Diversification. En principe, le moyen le plus efficace contre la dépendance économique est la diversification. Ce qui représente une lapalissade pour les investissements sur les marchés financiers vaut aussi pour la sécurité d’approvisionnement en biens. Plus il y a d’économies nationales qui font partie des partenaires commerciaux, plus le risque est faible que l’accès à de tels biens soit menacé suite à des événements politiques. Les accords de libre-échange et le développement de nouveaux marchés augmentent la sécurité d’approvisionnement pour tous les biens, même si la concurrence accrue qui en découle devait conduire à la diminution de l’output de certains biens dans un pays producteur.
Echange mutuel. D’un enclin à l’autarcie découle souvent la crainte d’une dépendance unilatérale. Toutefois, dans les rares cas d’unilatéralité, les relations commerciales sont marquées par un échange mutuel et, par conséquent, d’une dépendance mutuelle. Dès lors, le risque d’une pénurie d’approvisionnement artificielle (c.-à-d. politique) baisse à mesure que les relations commerciales entre deux pays s’intensifient. Sachant que chaque partie devrait toujours compter sur des mesures de rétorsion, à son propre détriment. Dans ce contexte, l’intégration toujours plus forte de la Suisse dans l’économie mondiale (aussi bien du côté de l’importation que de l’exportation) doit être évaluée comme une amélioration de sa propre sécurité d’approvisionnement.

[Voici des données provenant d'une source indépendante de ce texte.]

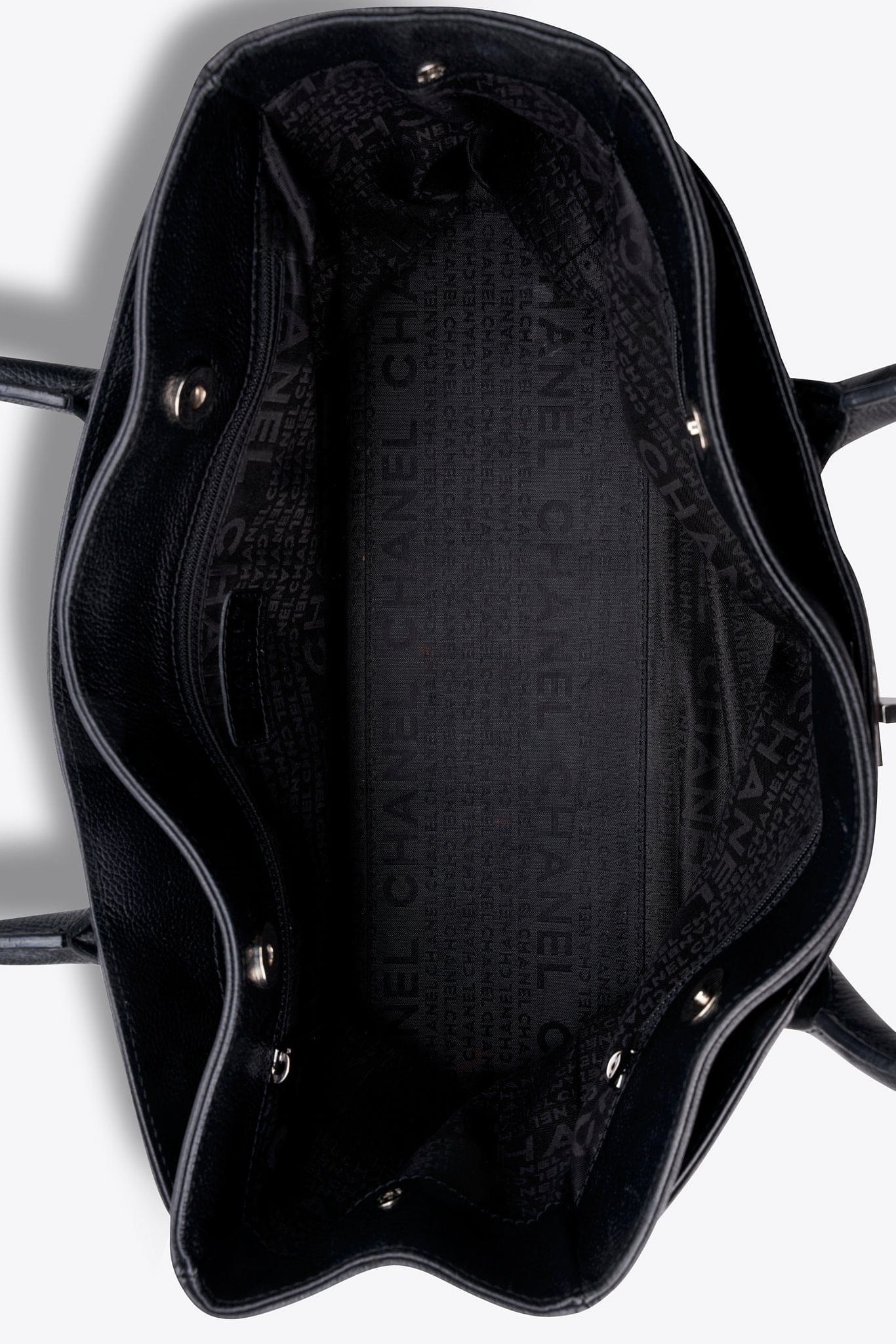 Vintage Chanel Executive Caviar Leather Tote Bag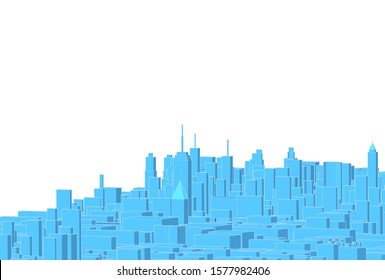 modern city panorama 3d illustration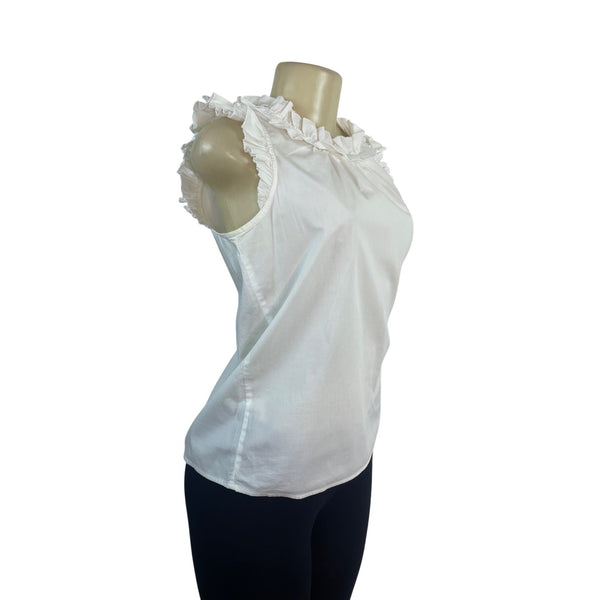 J.Crew Womens White Ruffled & Sleeveless Top With Back Tie Detail Sz XS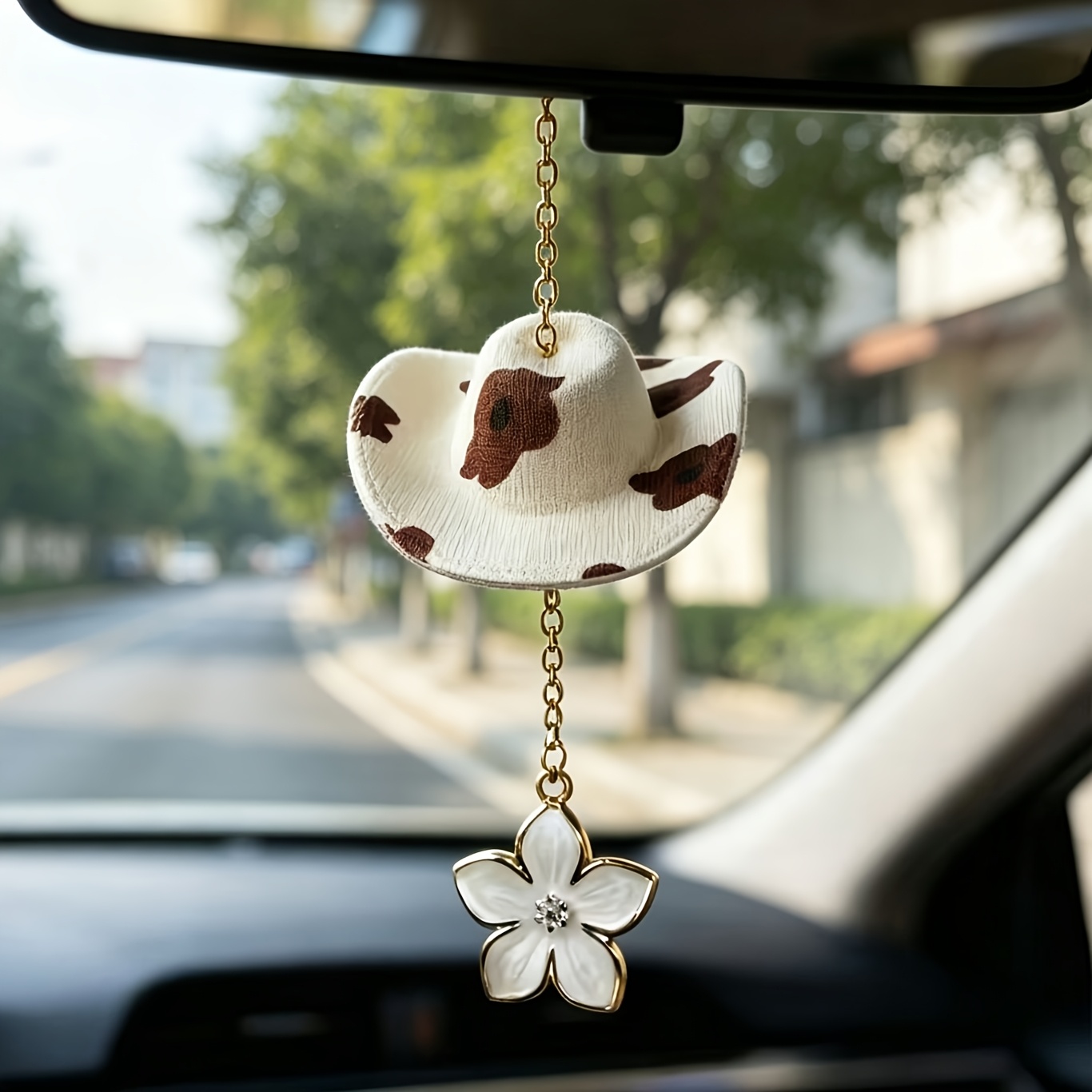 TEMU 1pc Hat Pendant With Flower For Car Interiors, Used As A Decorative Accessory For Car Suspension, Exquisitely And Compact, A Car Interior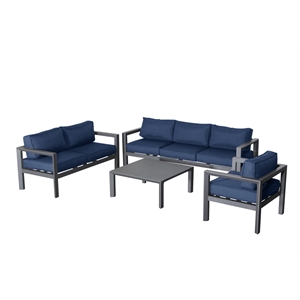 Cabo 4-PC Deep Seating Set Gray Aluminum Frame in Navy Cushion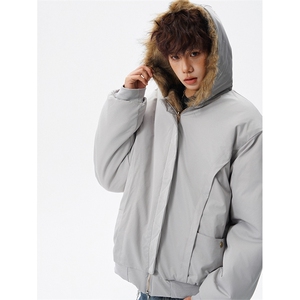 8XL-M复古双面加厚毛绒皮草短款工装派克服外套MY1707P158控188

L’ouverture économique augmente la sécurité d’approvisionnement
Des restrictions en matière de commerce et de concurrence conduisent à une perte de prospérité – comme l’histoire économique nous l’a souvent montré. Néanmoins, la politique tend à accepter ces restrictions eu égard à la sécurité d’approvisionnement en biens de la population. Elle fait cela, en pesant le pour et le contre de deux objectifs manifestement contradictoires que sont le bien-être économique et la sécurité d’approvisionnement. Cependant le conflit d’objectifs identifié se révèle erroné après examen approfondi. A l’inverse : une intégration plus forte dans l’économie mondiale améliore la sécurité d’approvisionnement en produits. Cela vaut encore plus pour un petit pays pauvre en matières premières comme la Suisse que pour d’autres économies.